To put a spin of humour on the seriousness of STEPS and poor choices to describe Statistical stuff, I'd say it's probably exactly what happened to that person you shared who said "WE HAVE THE POPULATION", hence no need for any type of statistical inferences as we know everything already. 😆 The word "POPULATION" has special meaning in Stats as compared to the general use of the term used by the general public. To elaborate for a second, the STUDENT POPULATION of a school has one meaning in every day life, but a very specific, and scientific meaning in Statistics.

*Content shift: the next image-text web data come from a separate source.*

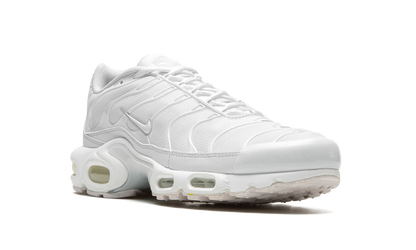 AIR MAX PLUS WMNS  Pure Platinum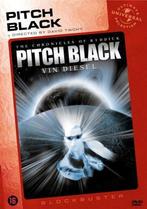 Pitch Black (dvd nieuw), Ophalen of Verzenden, Nieuw in verpakking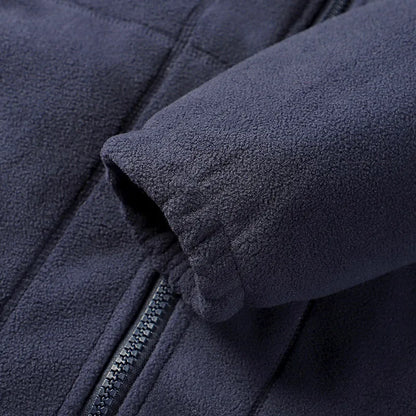 Men's Windproof Jacket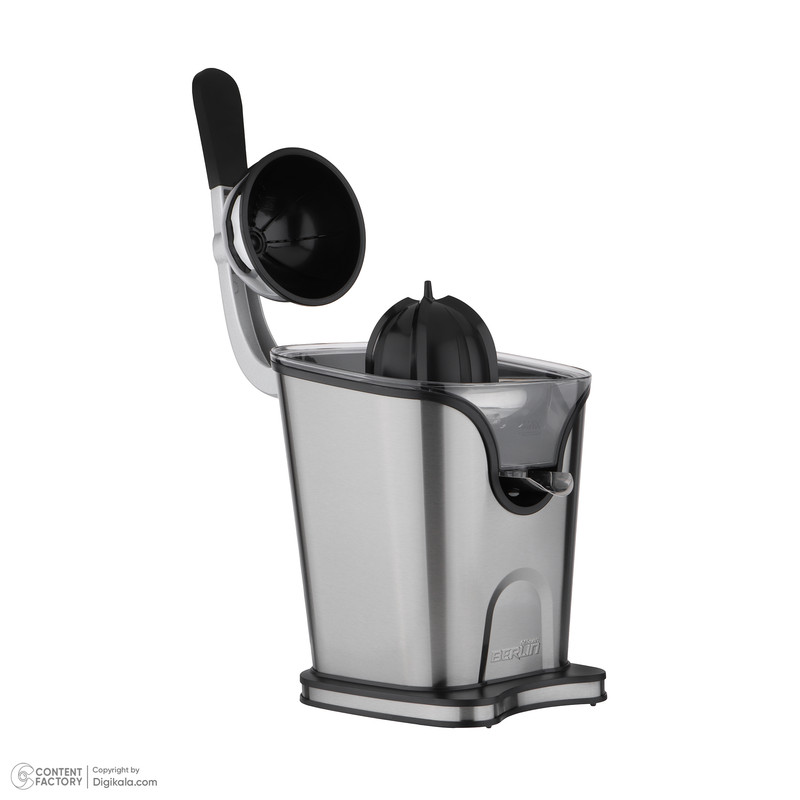 آب مرکبات گیر برلین مدل BG-1112CJ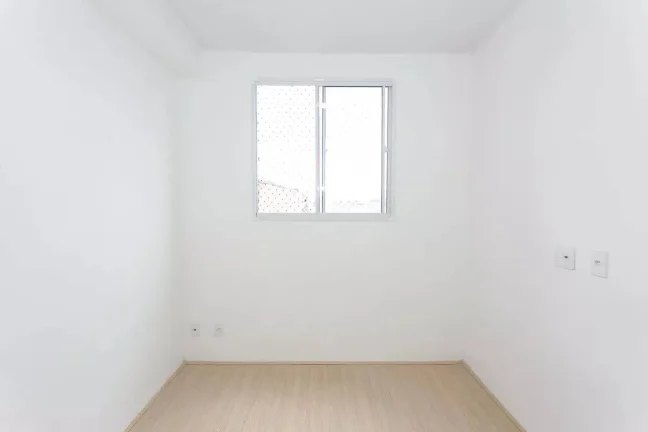 Imagem Apartamento Bem-Localizado com Dois Dormitórios no Tatuapé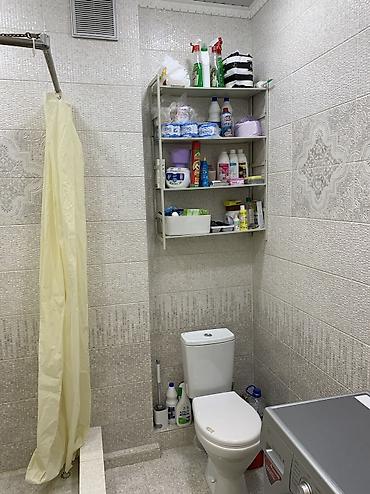 Продажа квартир: 1 комната, 49 м², Элитка, 5 этаж, Евроремонт at lalafo.kg — 17 Продажа квартир: 1 комната, 49 м², Элитка, 5 этаж, Евроремонт — 17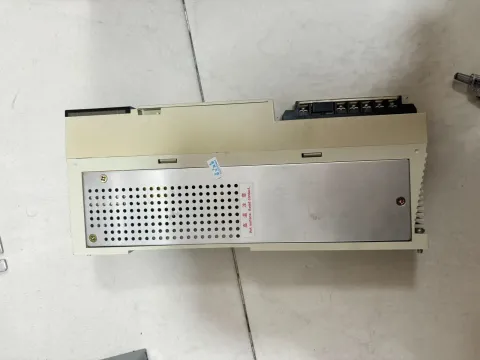 Sharp JW-1PU PLC Module product photo 4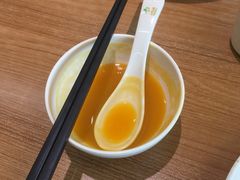 -自然风素食自助餐厅(黄河北路店)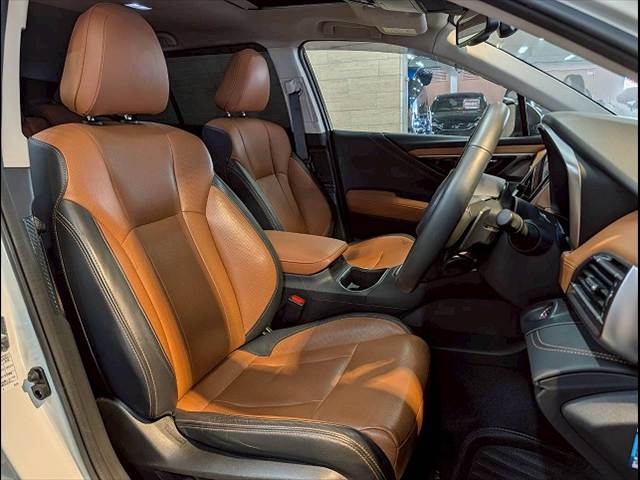 スバル&nbsp;レガシィアウトバックの画像9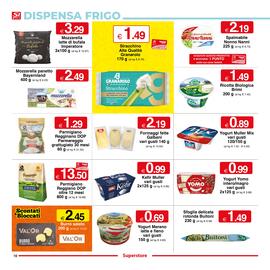 Volantino Sì con te Superstore Pagina 10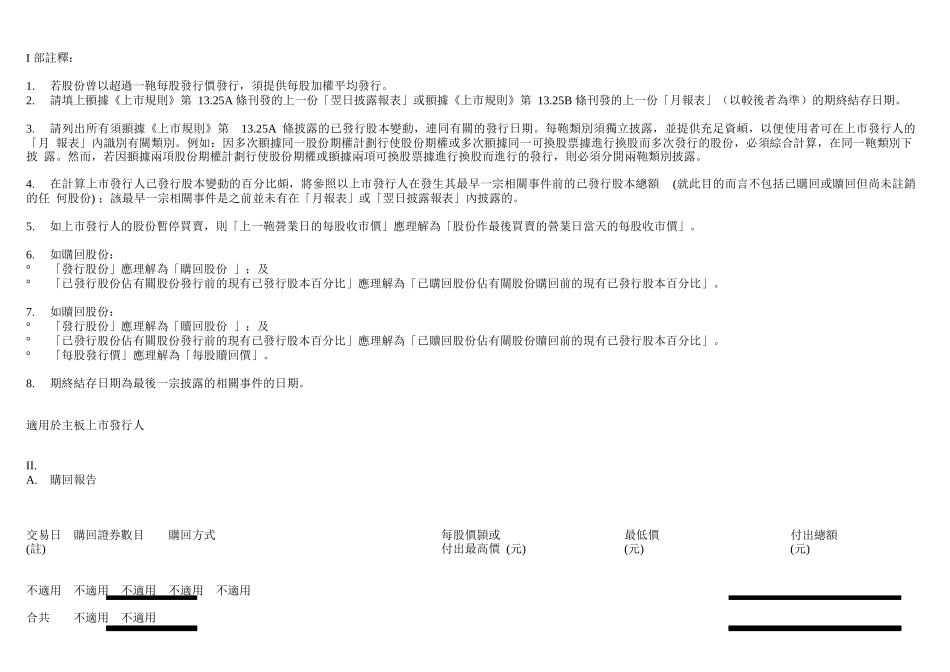 适用於主板上市发行人_第2页
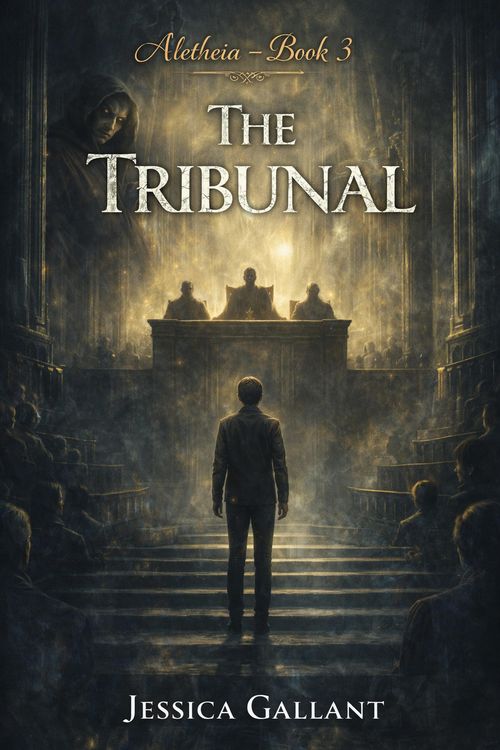 Produktbild: The Tribunal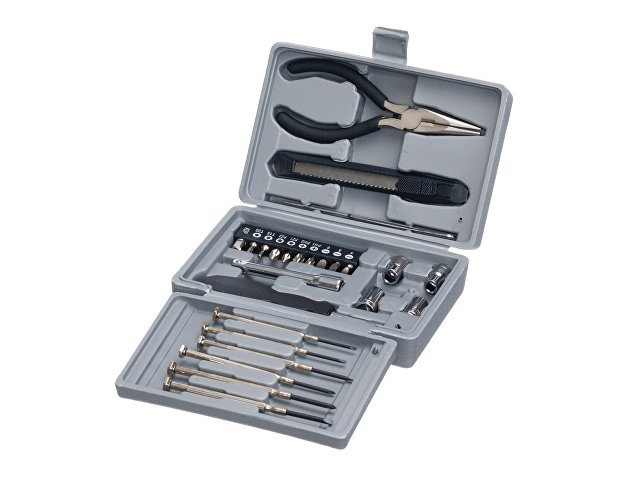 Набор инструментов, 25 предметов thumbnail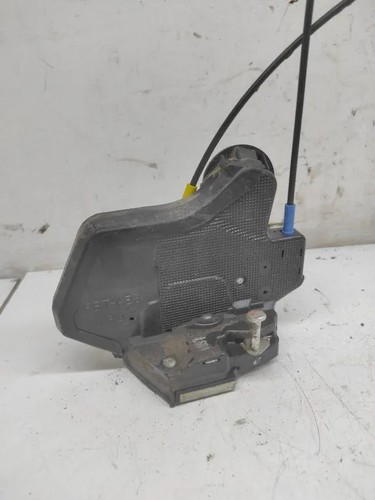 Toyota corolla verso e12 - toyota,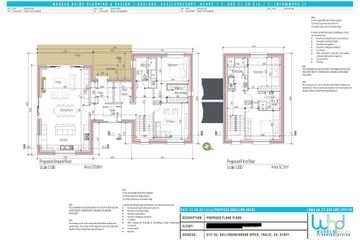 Property header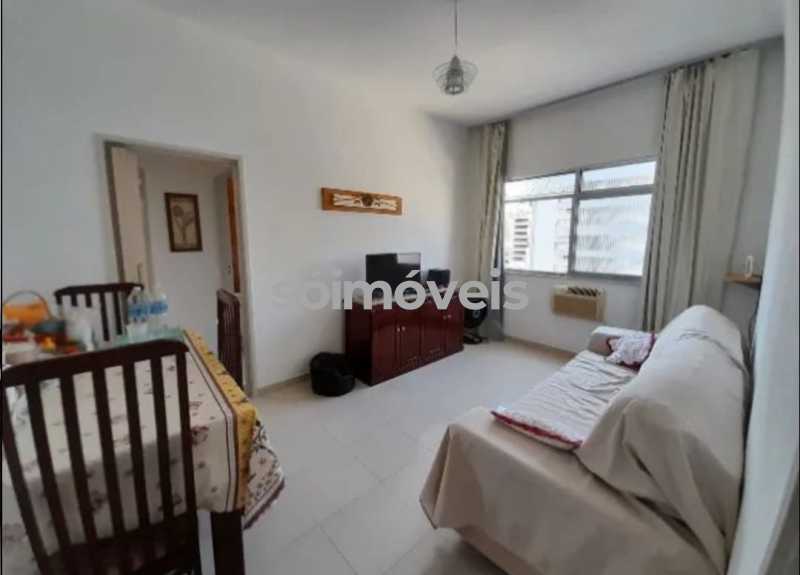 Conheça sc3 do imóvel - Apartamento 2 quartos à venda Rio de Janeiro,RJ Botafogo - R$ 895.000 - POAP20762 - 3 sc3 - 3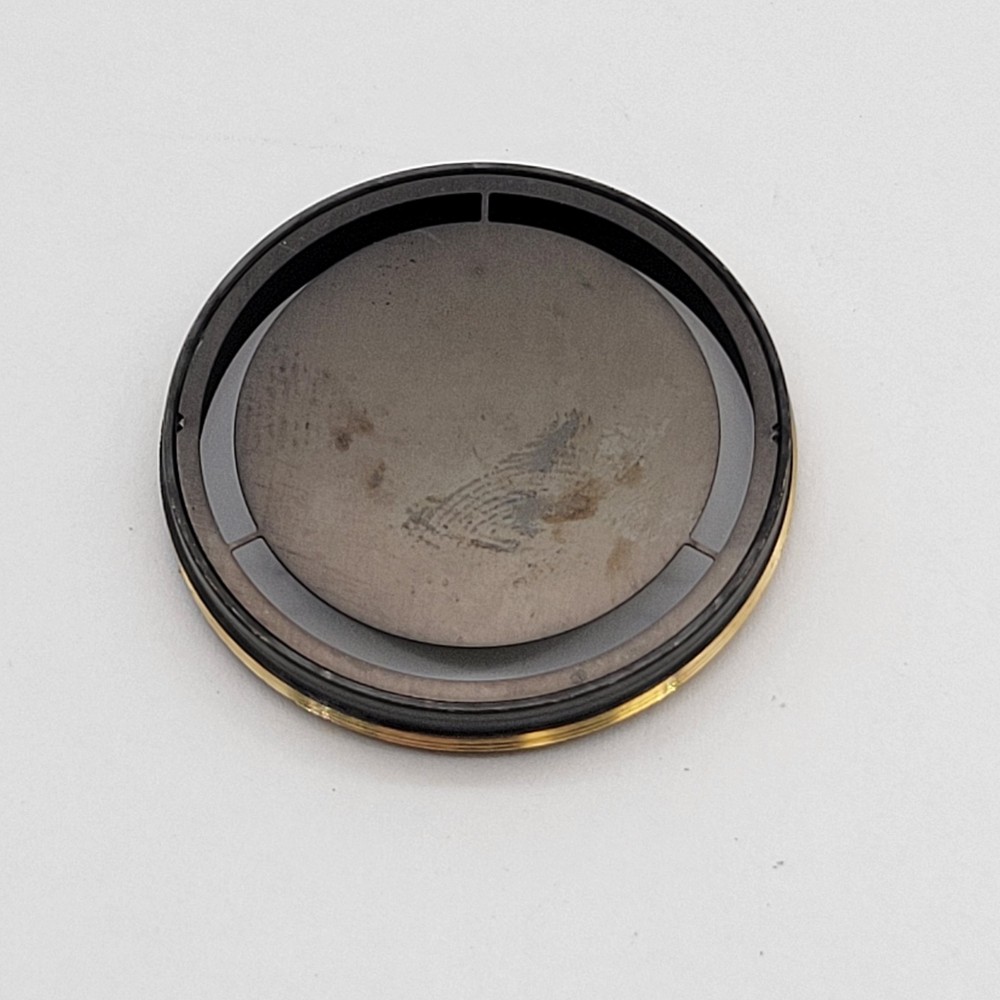 Zeiss Microscope Ring Aperture 424222-8222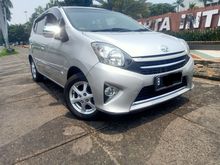Agya G Manual Tahun 2016. Terima TT Ayla Datsun Brio Sigra Calya
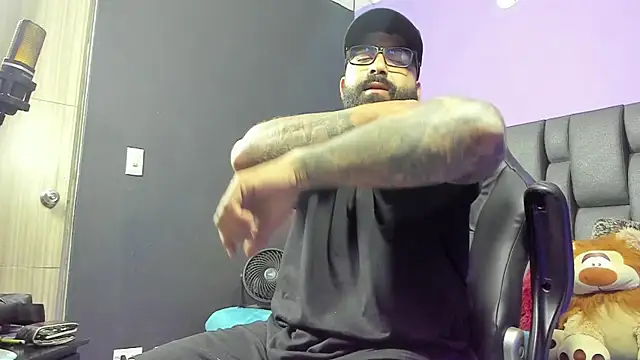 Lyon vach online show from 22, 2, 2026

That person, a teacher of Stats for many years if memory serves me correctly, had a totally street understanding of POPULATION. 😆
Honestly, I wouldn't know if to laugh or cry were I to be faced with this declaration in a public setting. 😳
Stay well and keep teaching. We need you, and people like you. Literally. Cheers.
I don't think that the education does this in bad faith... I think that education, as it is now, try to get broad knowledge of everything but not very deep... But at least you get an answer
I agree it's not in bad faith, but it's just the wrong approach. You'll get a broader knowledge of stats if you start from models.
Typical (poor) college level stat courses leave out 1. What the terms actually mean and 2. Really big data. Probably 1 is more important.
Except degrees of freedom. Very few know what it means and very few need to know :)
The music is absolutely awful. Just why?
Because I'm targeting you specifically.
Statistics is last resort mathematics
I've always seen stats as math with error.
28 minutes to say that learning what to do without why we do it is not the path to true mastery. sheesh.